A frequent orchestral player on both flute/piccolo and harp, Yoshi has performed with Protestra, the International Pride Orchestra, Ensemble 212, Fort Greene Orchestra, Greenwich Village Orchestra, Berkshire Opera Festival Orchestra, and under the batons of conductors James Baker, Steven Schick, JoAnn Falletta, David Bloom, Kamna Gupta, Elinor Rufeizen, Robert Moody, Ward Stare, Kenneth Kiesler, Rosen Milanov, and many many others.
As a composer, Yoshi’s compositions have been described as “a stunning compositional display of polyphony and texture” (ICIYL) and “transcendent, emotional, and intimate” (Sparks and Wiry Cries), and that their work “artfully blends contemporary composition with fantastically haunting and dramatic poetry” (IN Magazine). Their works have been premiered by members of the Flute New Music Consortium, ChamberQUEER, InfraSound, e(L)ement duo, the dream songs project, and RenegadeEnsemble, and have been featured at the National Flute Association Convention, on Minnesota Public Radio, and at the American Harp Society Summer Institute.

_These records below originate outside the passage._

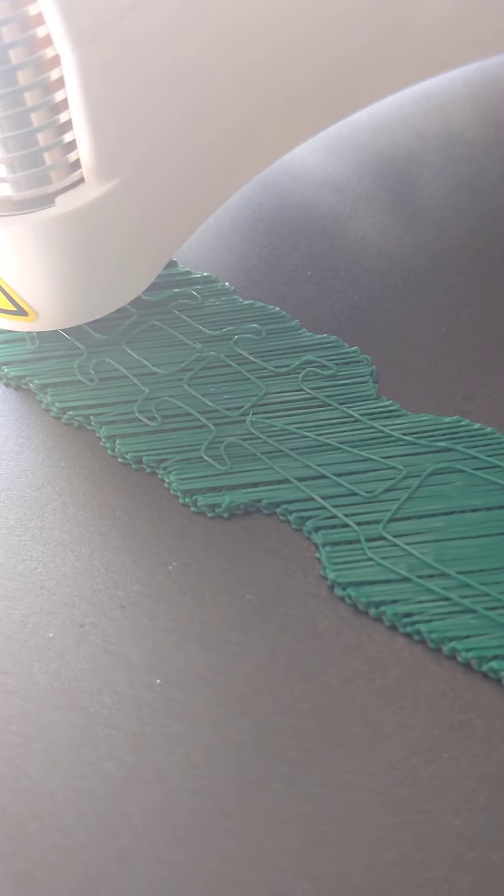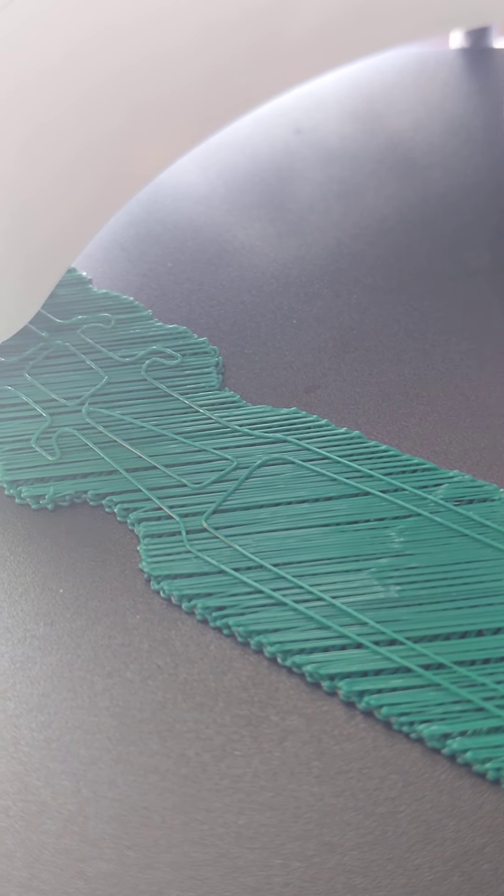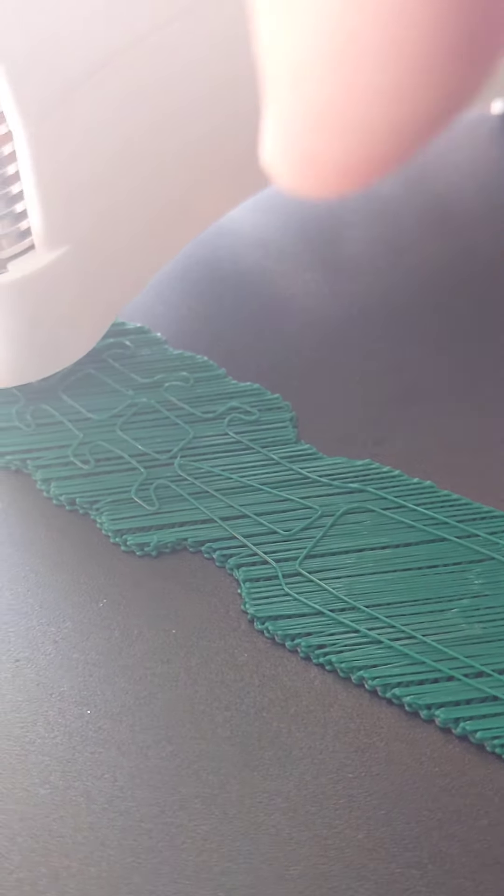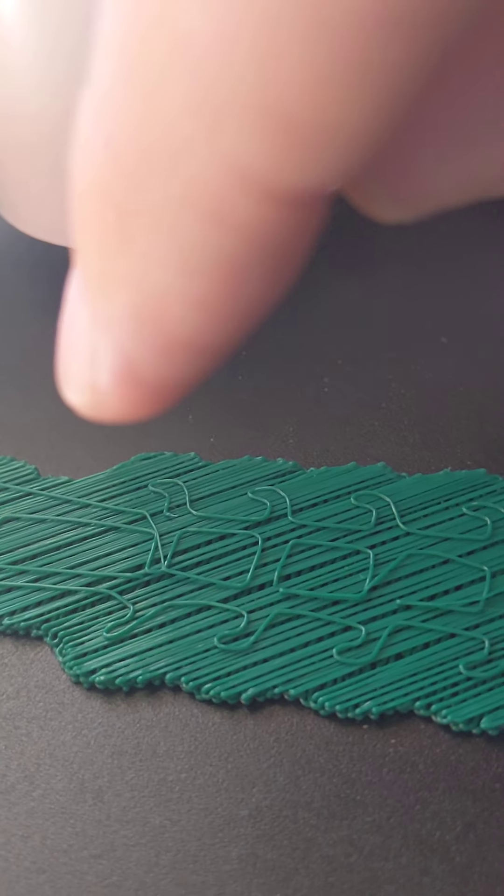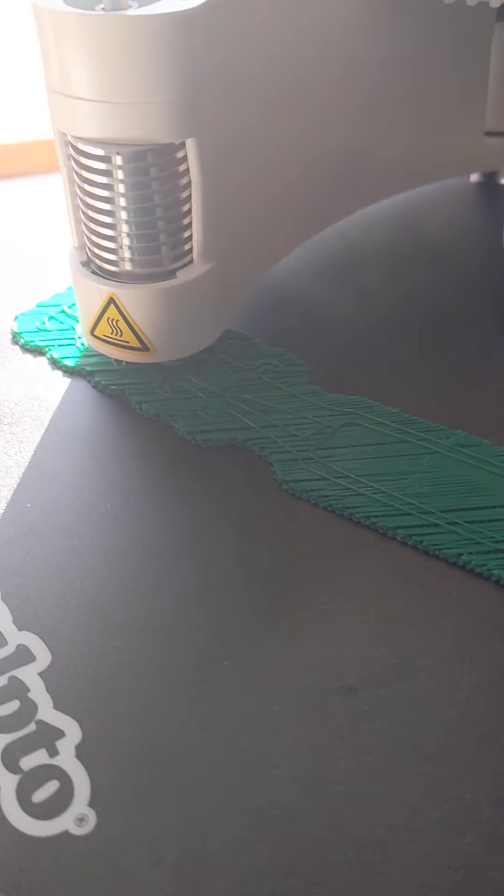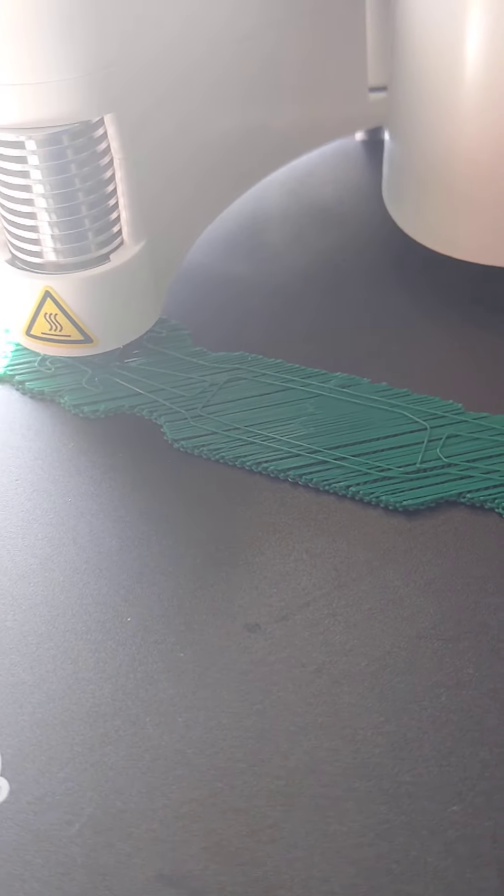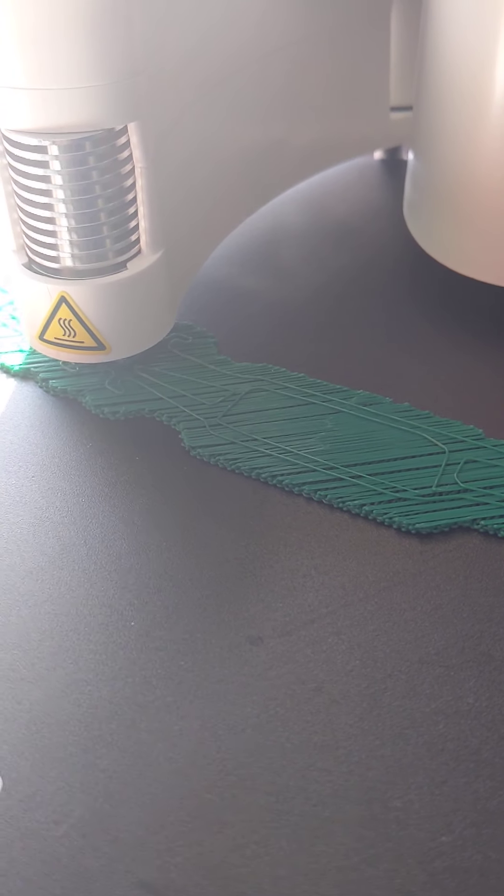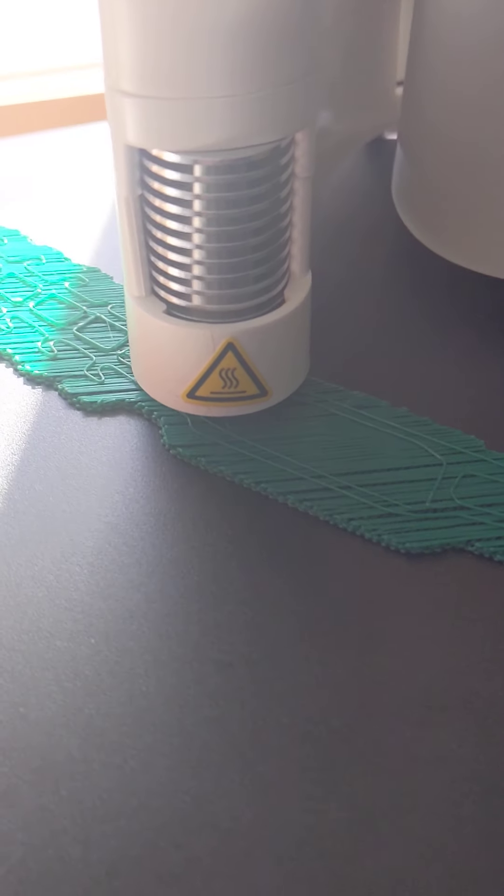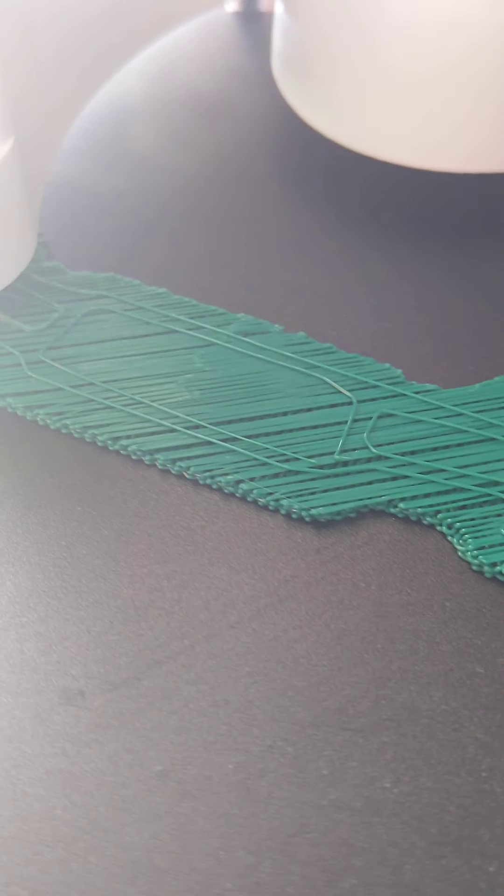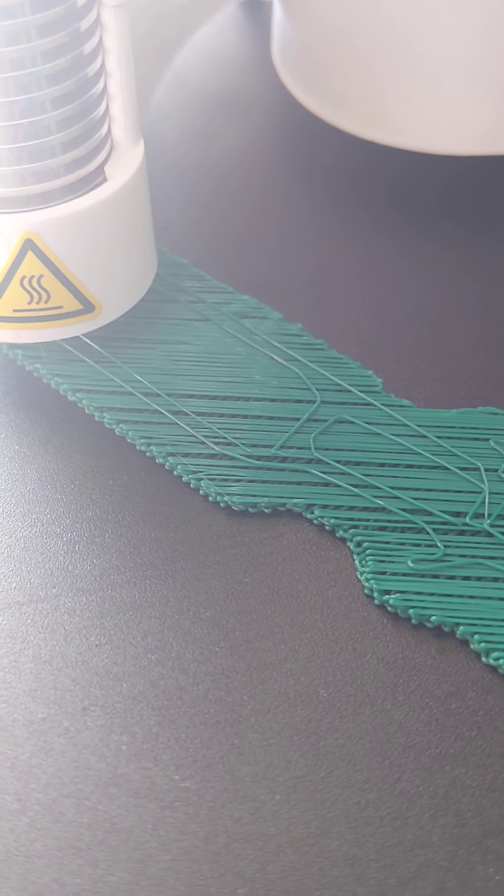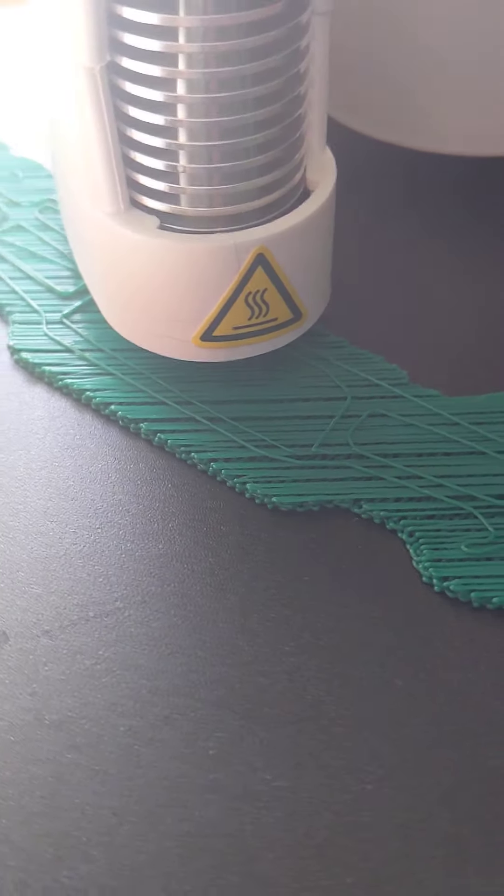You can kind of see there's an issue that this print has right there. That line there should look like that. It does it every time. I am assuming it is just something with how that particular line is programmed. Because as you see, when it comes back through, it will print it off correctly.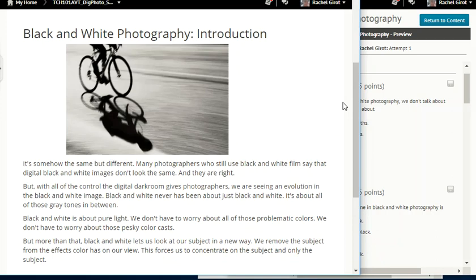Black and white is about pure light. We don't have to worry about all of those problematic colors; we don't have to worry about those pesky color casts. But more than that, black and white lets us look at our subject in a new way. We remove the subject from the effects color has on our view — this forces us to concentrate on the subject and only the subject.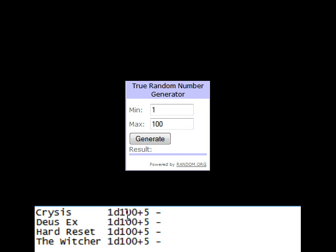Crisis, Deus Ex, Hard Reset, and The Witcher. What I'm going to do here is generate a number between 1 and 100 for each game, add 5, and whatever's got the highest number wins. In the case of a tie for highest, those two will roll against each other until one comes out higher, and then that will be what I play. So let's go ahead and get right to this, going top to bottom here.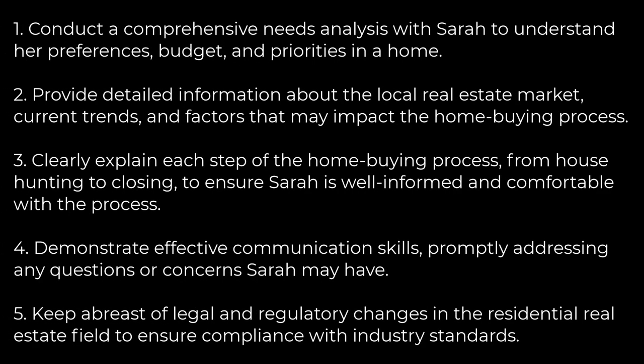Here's how she would handle it: First, conduct a comprehensive needs analysis with Sarah to understand her budget, priorities, and preferences. Second, provide detailed information about the local real estate market, market trends, and any other factors that may impact the homebuying process. Third, clearly explain each step to the homebuyer, from home hunting all the way to closing, to ensure Sarah is well-informed and comfortable with the process.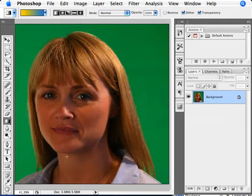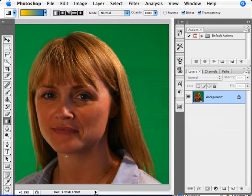Welcome to the Primatte 3.0 tutorials. In this tutorial, we're going to discuss creating actions and using them in batch processing. Actions are a really convenient way within Photoshop to record what you're doing — all the actions you take, all the filters you use, any changes you make — and record all that so you can use them later on different images. One great way of using them is with batch processing, which allows you to select a folder full of images, be it tens, hundreds, or thousands of images, and apply an action to all of them. This is a very convenient way of applying Primatte to many images. You can record it once on one image and then apply it via batch to a folder full of hundreds of images.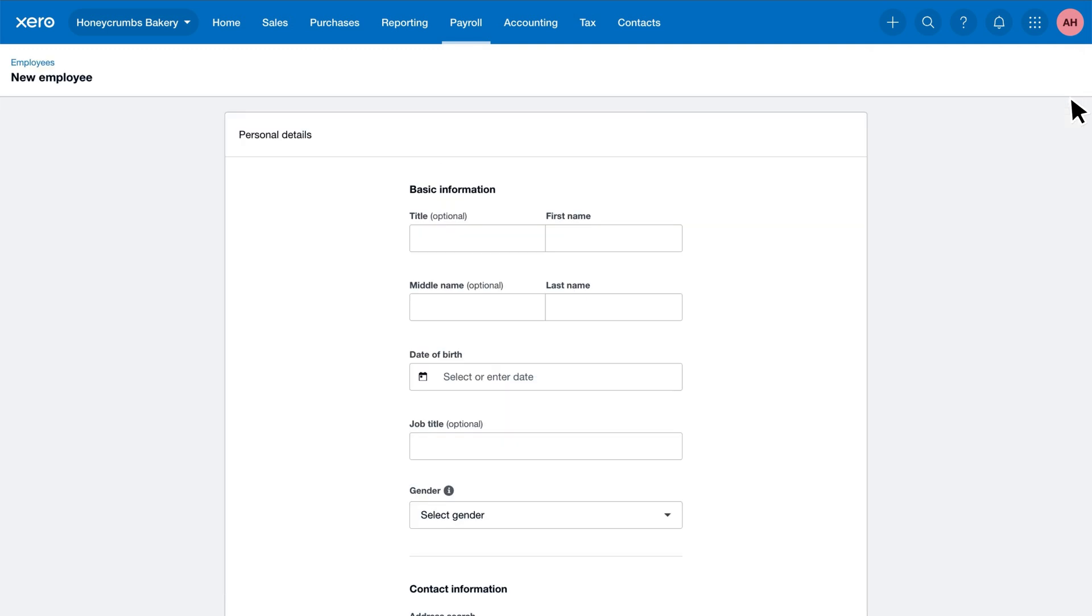We first need to provide the employee's personal details to create the employee profile. You'll see that some of these fields are optional. Today, we'll only focus on the required sections to get up and running. Feel free to add the optional information for record-keeping purposes.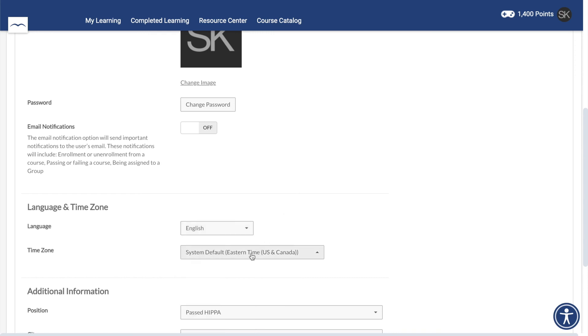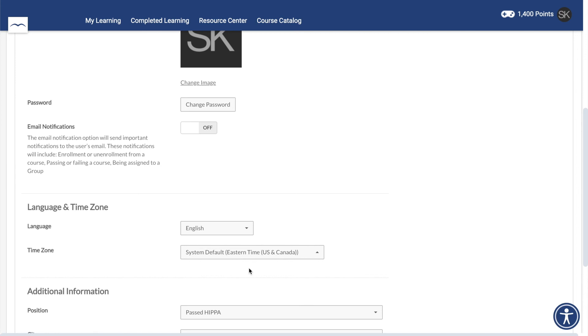You'll find the time zone setting underneath Language. This is probably the most important setting, as it will ensure that you see your due dates and other important information correctly.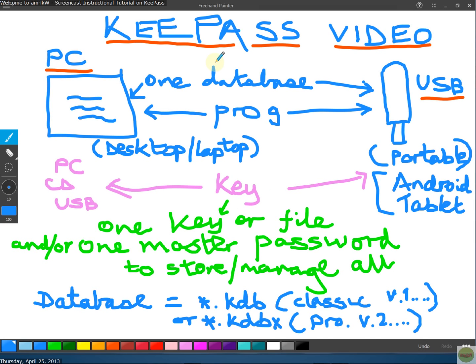Hello and welcome. In this video I'm going to show you how to use this fantastic program called KeePass to manage all your passwords in one place. You can use the database you create on your desktop PC, take it on an external USB drive when on the move, and also use it on desktop and laptop. The two database extensions are KDB for the classic edition and KDBX for the professional edition.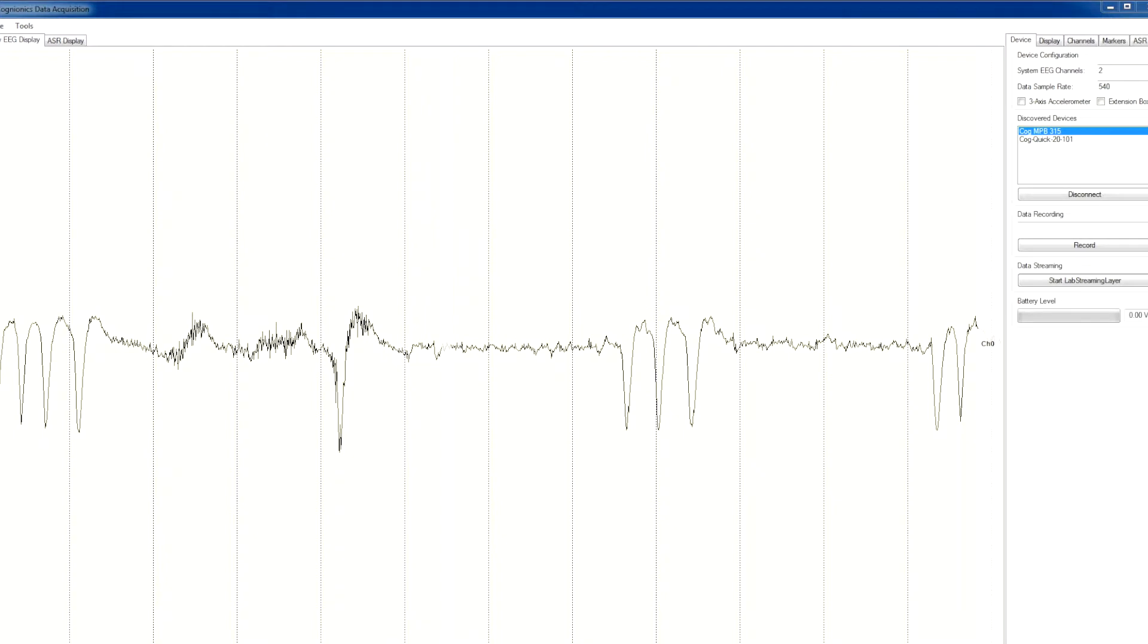You can see eye blinks, jaw clenches, and alpha wave activity when the subject closes his eyes.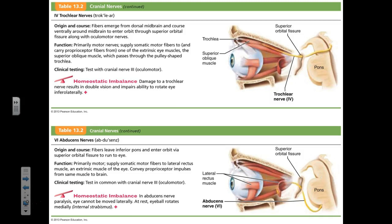Cranial nerve four is the trochlear nerve. It controls the superior oblique muscle, which pulls the eye outward and downward — like looking at your shoulder. If it's paralyzed, the eye gets pulled medially. Trochlear also originates in the midbrain and works together with the oculomotor nerve.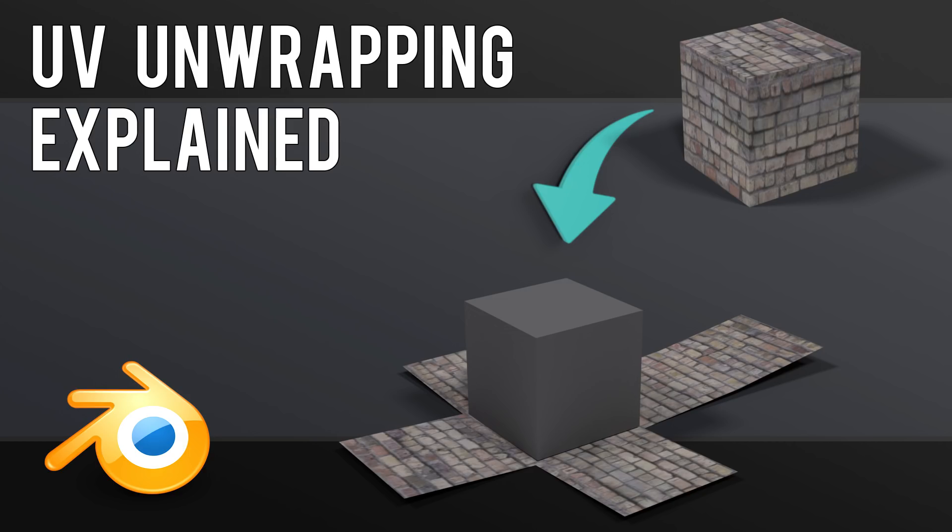This video looks at UV unwrapping and demystifies the unwrapping and UV mapping process. It's part of a much bigger course on gabbit.co.uk which takes you right through from beginners to advanced levels.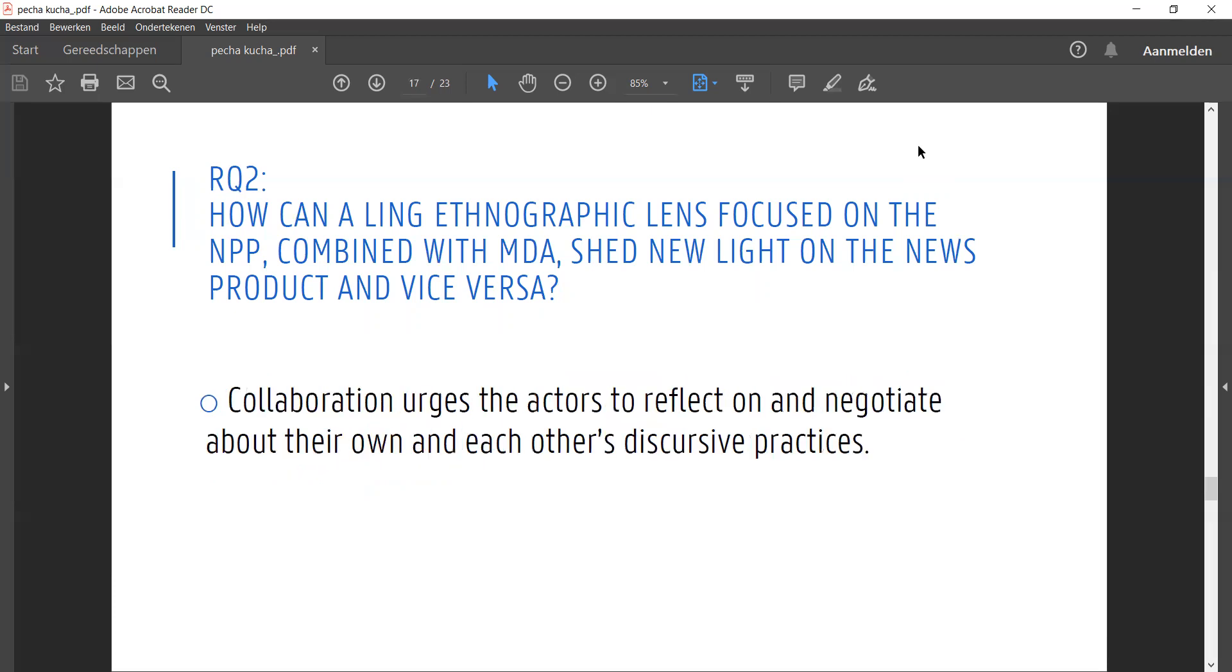Our approach also showed how this collaboration spurred on reflexivity and negotiations on the actors' own and each other's discursive practices.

Yoshi is currently studying their D.M.A. in Flute Performance at the CUNY Graduate Center, studying with Robert Dick. They graduated with a B.M. in Music Performance from Saint Olaf College in 2015 studying flute with Catherine Ramirez and harp with Elinor Niemisto, and a M.M. degree in Contemporary Music Performance at the Manhattan School of Music in 2020 studying flute with Tara Helen O’Connor, composition with Reiko Füting, David Adamcyk, and Susan Botti, and harp with Susan Jolles. Other teachers and coaches include Margaret Kampmeier, Lucy Shelton, Patricia George, and Michele Frisch. Yoshi currently resides in Brooklyn, NY with their 55+ houseplants.
For the gear-heads:
Yoshi performs on a silver Muramatsu flute with a 10k-gold Lafin headjoint, a Burkart Elite Custom piccolo with a cocuswood Mancke headjoint, and a Trevor James bass flute. They also are the proud owner of a 1930’s Style 17 Lyon and Healy pedal harp.